Algoritmização como ferramenta de poder e controle
O fenômeno vai além do trabalho e marca uma nova fase do capitalismo, em que a vigilância é constante e o indivíduo é explorado ao máximo por meio dos seus dados
A algoritmização trouxe uma nova formatação para a economia digital, em que o uso dos algoritmos são frequentes para controle e vigilância social. Tal fenômeno permitiu que trabalho, consumo, comunicação e relacionamentos fossem feitos por meio de aplicativos e que empresas pudessem ter amplo domínio econômico, político e social. Mais pessoas recorrem aos aplicativos para garantir alguma renda e fugir do desemprego e acabam reféns de um robô como chefe, que controla longas jornadas de trabalho. Enquanto tudo isso acontece, governos não criam condições de proteção para essas pessoas, permitindo que a algoritmização construa monopólios de clausura social.
Ao abrir uma rede social, a entrega de conteúdo é feita a partir dos interesses do usuário. Isso se repete nas plataformas de streaming, que oferecem os filmes, as séries e as músicas mais adequadas ao gosto do dono da conta. Assim, a algoritmização permite conectar demandas e ofertas em um ambiente virtual, em que os algoritmos são responsáveis por intermediar relações de consumo.
Ao compreender a força e o poder dos algoritmos, é possível afirmar que vivemos uma nova formatação da Economia Digital.

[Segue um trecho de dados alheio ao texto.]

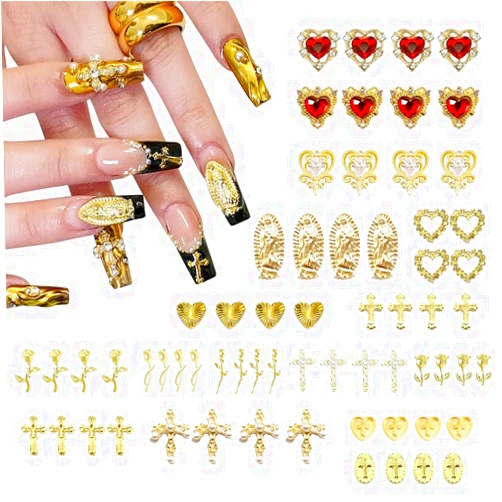 Rythsans 64pcs Gold Nail Charms Set with Gold Cross, Hearts, Rose, and Virgin Mary - Y2K 3D Chrome Nail Decorations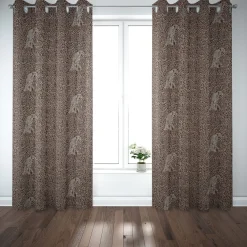 SCHÖNER LEBEN. Vorhang Leinenlook Leoparden natur braun 245cm oder Wunschlänge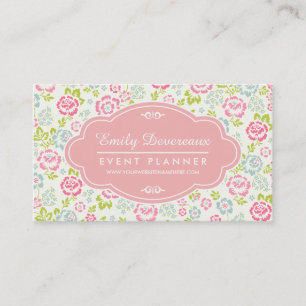 Cute Pink & Blue Girly Floral Personalised Business Card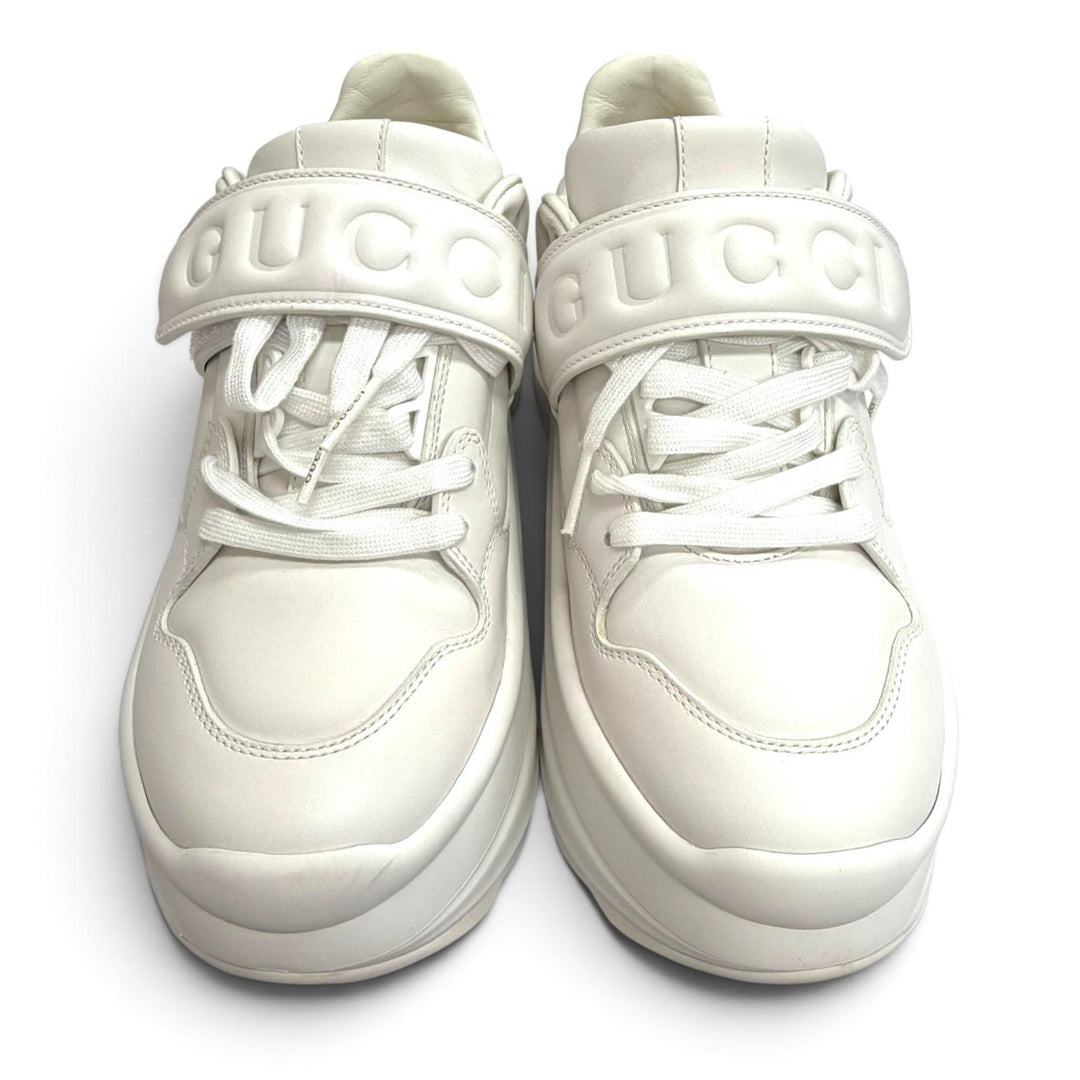 Great GUCCI sneakers Logo Platform Wave Leather white leather Women 36.5 805708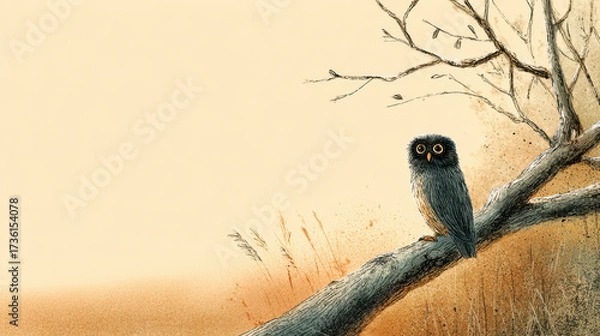 Fototapeta Little owl perched on bare tree branch with soft beige background, creating calm and cozy natural scene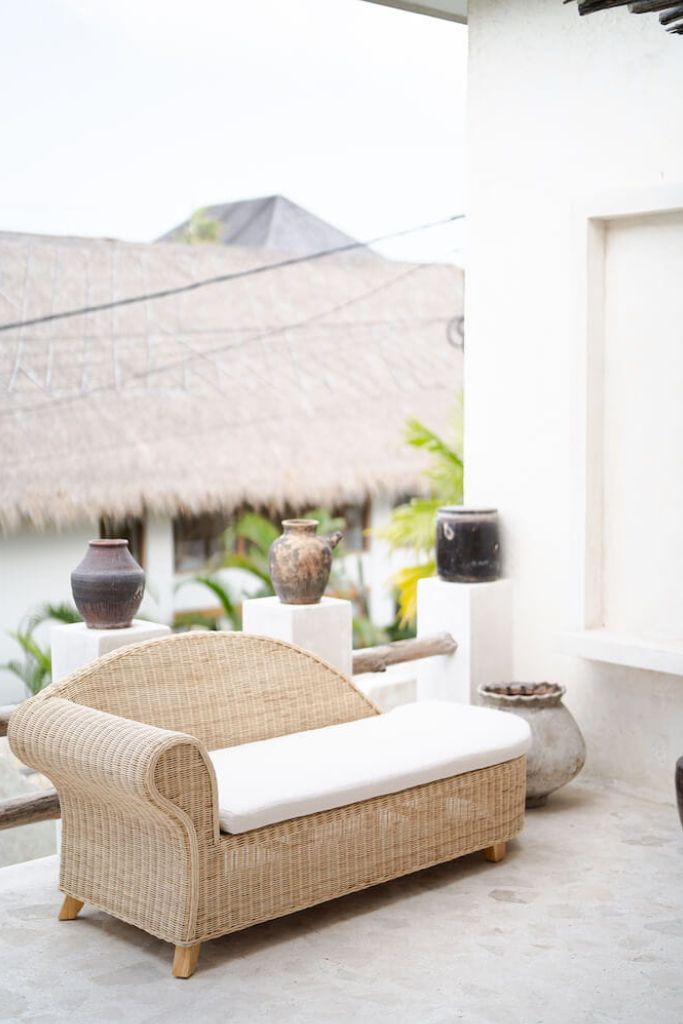 Oriana Collection rattan chaise sofa, handmade modern design, curved streamlined silhouette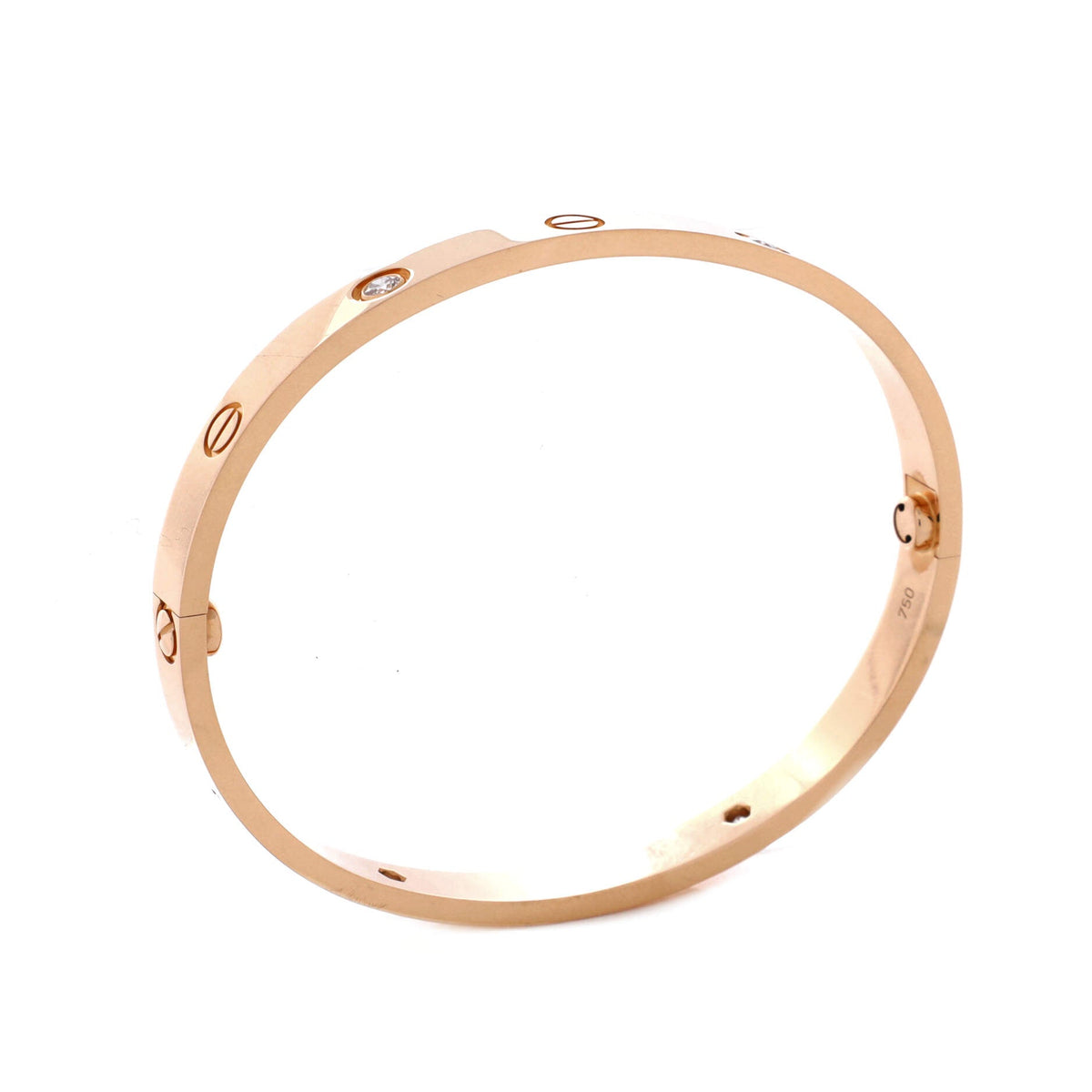 Cartier Love 4 Diamond Bracelet 18K Rose Gold with Diamonds 19 – view 3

Se, antes, o processo de digitalização estava concentrado em automações e equipamentos, avançamos para uma estrutura mais robusta de inteligência artificial em que algoritmos são os protagonistas.

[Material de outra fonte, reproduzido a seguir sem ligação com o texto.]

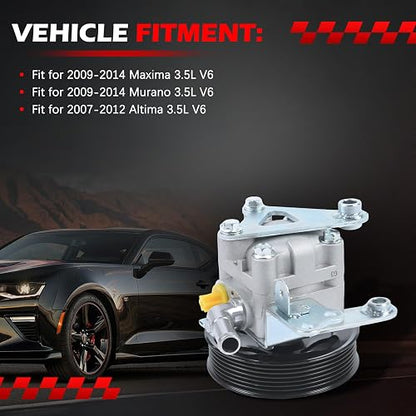 Autodevil Bomba de Dirección Asistida con Polea para Nissan Maxima/Murano 3.5L V6 2009-2014 y Altima 3.5L V6 2007-2012 21-5485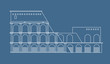 Coliseum flat outline white icon on blue background, vector eps10 illustration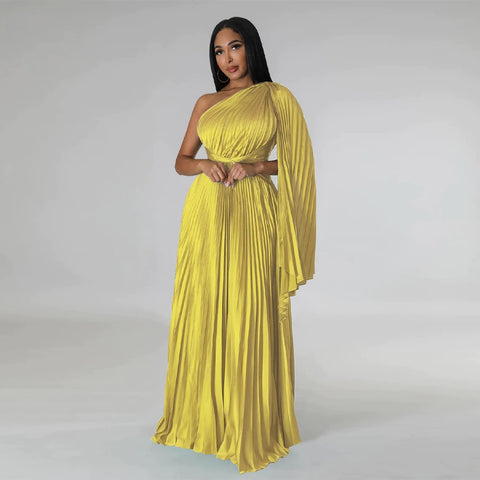 Sexy One Shoulder Clock Sleeve Sashes High Waist Big Swing Pleated Maxi Long Dress CODE: KAR1880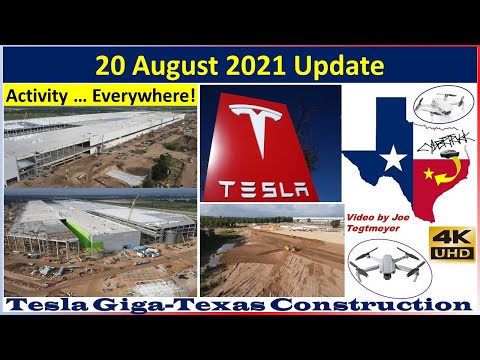 Tesla Gigafactory Texas 20 August 2021 Cyber Truck & Model Y Factory Construction Update (07:45AM)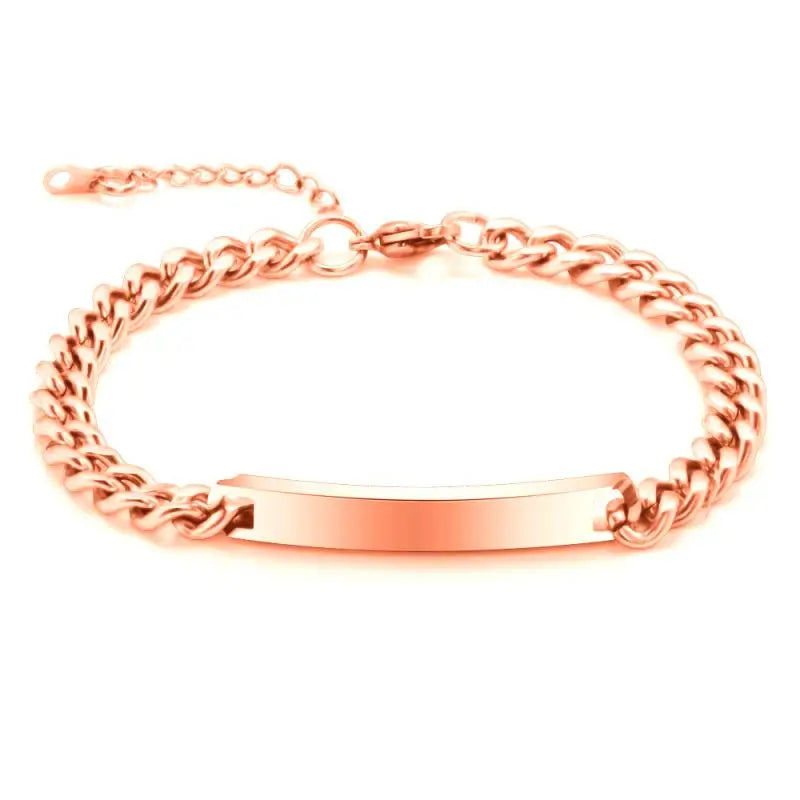 Fashion Men Custom Name ID Bar Bracelet Valentine Gift Stainless Steel Chain Bracelets For Male Personalize Jewelry Wholesale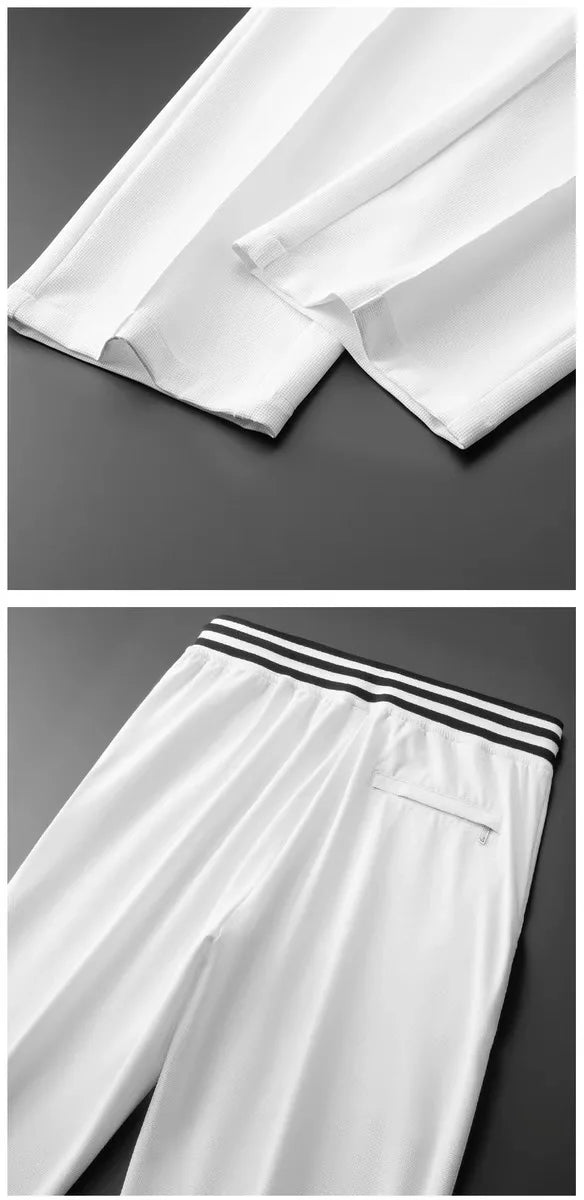 High end fashionable embroidered striped casual men's pants for the summer of 2024 new waffle ice silk comfortable sports pants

Para além das relações de consumo, os algoritmos hoje são capazes de mediar e gerenciar o trabalho, como um chefe imaterial que pode bonificar ou punir trabalhadores, bem como substituir profissionais em determinadas funções e postos. Há, portanto, uma mudança na forma do trabalho na Economia Digital.

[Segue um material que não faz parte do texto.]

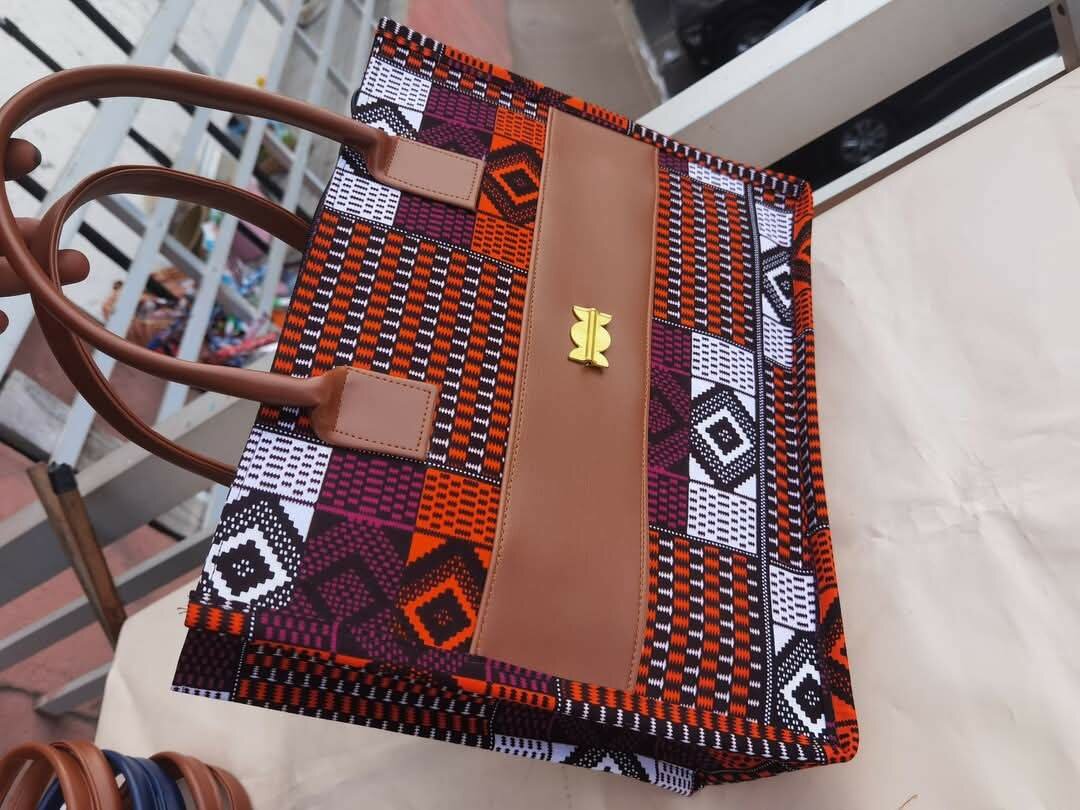 Sac à main en tissu wax coloré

O trabalho algoritmizado (de forma geral e universal) apresenta um deserto de direitos, a começar pela falta de regulação e regulamentação, o que resulta em profissionais precarizados e sem garantias mínimas como salário, férias e previdência. Ainda, esses trabalhadores devem arcar com custos operacionais, como combustível, celular, seguros e impostos, como IPVA.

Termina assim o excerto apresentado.